The Egyptian government is torturing detainees as part of a brutal crackdown on dissent.

Up to 20,000 people have been held by Egyptian authorities since last July, when former Egyptian President Mohamed Morsi was deposed, and many are emerging from state custody telling of brutal beatings, electric shocks and sexual abuse.

Scores of personal stories tell of brutal torture techniques used on detainees, including teenage children, by the military-backed interim government as part of its sweeping clampdown.

Ahmed Abdel Fattah, 15, spoke of 34 days of torture at a local police station after he was handed over to authorities by thugs when he refused to give up a mobile phone he had been using to film an Islamist protest.

"They electrocuted me in sensitive places like my spine and here on my arms, and in sensitive areas like between my legs," he told the BBC.

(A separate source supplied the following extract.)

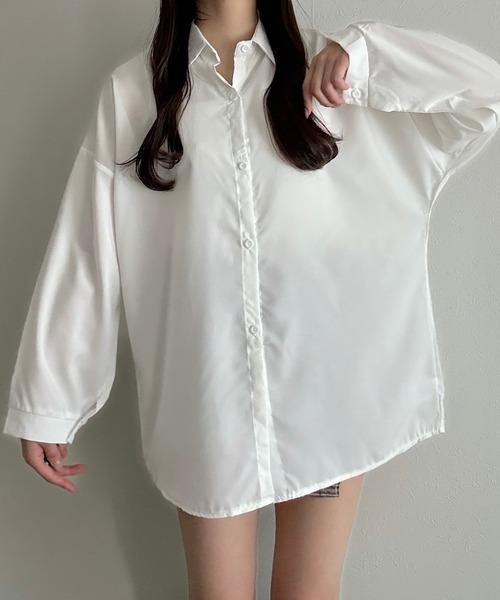 Cham.（チャム）の「シアーオーバーシャツ（シャツ/ブラウス・レディース・ブラック/オフホワイト/ブルー・F）」の18枚目の写真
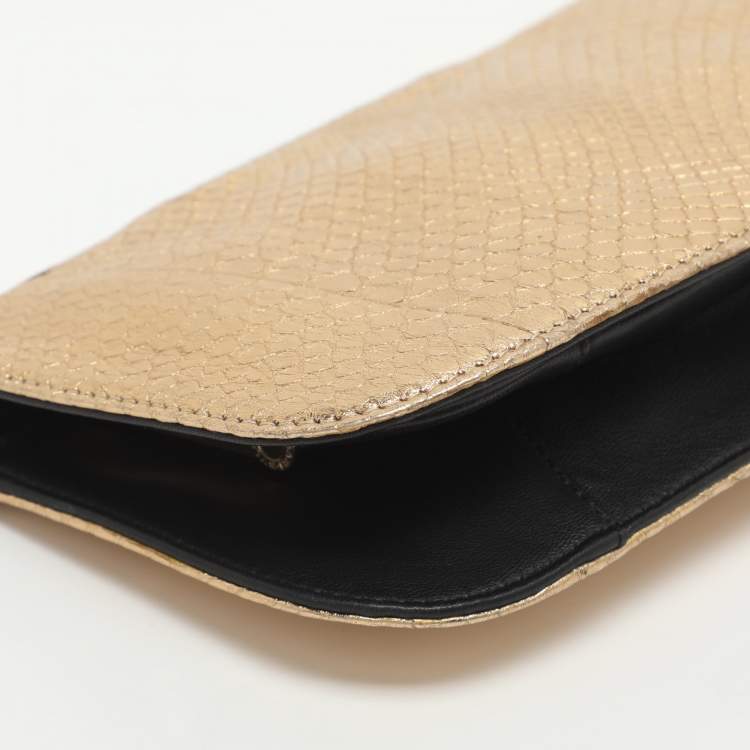 Pre Owned Bvlgari Lipstick Gold Python Leather Clutch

"When they electrocuted me I used to fall down on the ground and I could not stand up. At the same time they were beating me, and sometimes they would throw water to increase the voltage."

Egyptian army soldiers violently arrest a female protester during clashes in Tahiri Square in Cairo.
Egyptian army soldiers violently arrest a female protester during clashes in Tahiri Square in Cairo. Reuters

Fattah said his ordeal was made worse because the authorities suspected him of belonging to the Muslim Brotherhood.

"They wanted me to be afraid," he said. "They thought I would have a lot to confess to. Of course I am not from the Brotherhood at all. They were saying: 'So-and-so is getting outside financing and you are getting weapons from them. They said you had Molotov Cocktails on you and you hit an officer'. I told him I could not hit an ant."

Democracy campaigner Yassin Mohammed, 19, also spoke of being electrocuted while under detention.

"I was surprised when they took off my trousers and put the wires on me," he said. "I was screaming and shouting." His account of being sexually assaulted is too disturbing to print.

Mohammed was arrested at a protest calling for the release of several detainees, including 19-year-old student Ayat Hamada, who also spoke of sexual abuse.

"It was physical," she told the BBC. "I don't dare to explain more. But they harassed us in a very, very humiliating way, and the aim was to break our spirits."

The testimonies tally with evidence gathered by Amnesty International, which found that supporters of ousted Egyptian President Mohamed Morsi have been systematically captured, beaten and tortured since mass rival rallies erupted last summer.

Hassiba Hadj Sahraoui, deputy director for the Middle East and North Africa at Amnesty International, said: "Allegations that torture is being carried out by individuals are extremely serious and must be investigated as a matter of urgency.

"The apparent use of torture for reprisal attacks is unacceptable. Political leaders have a responsibility to condemn these criminal acts and call on their supporters to renounce such human rights abuses."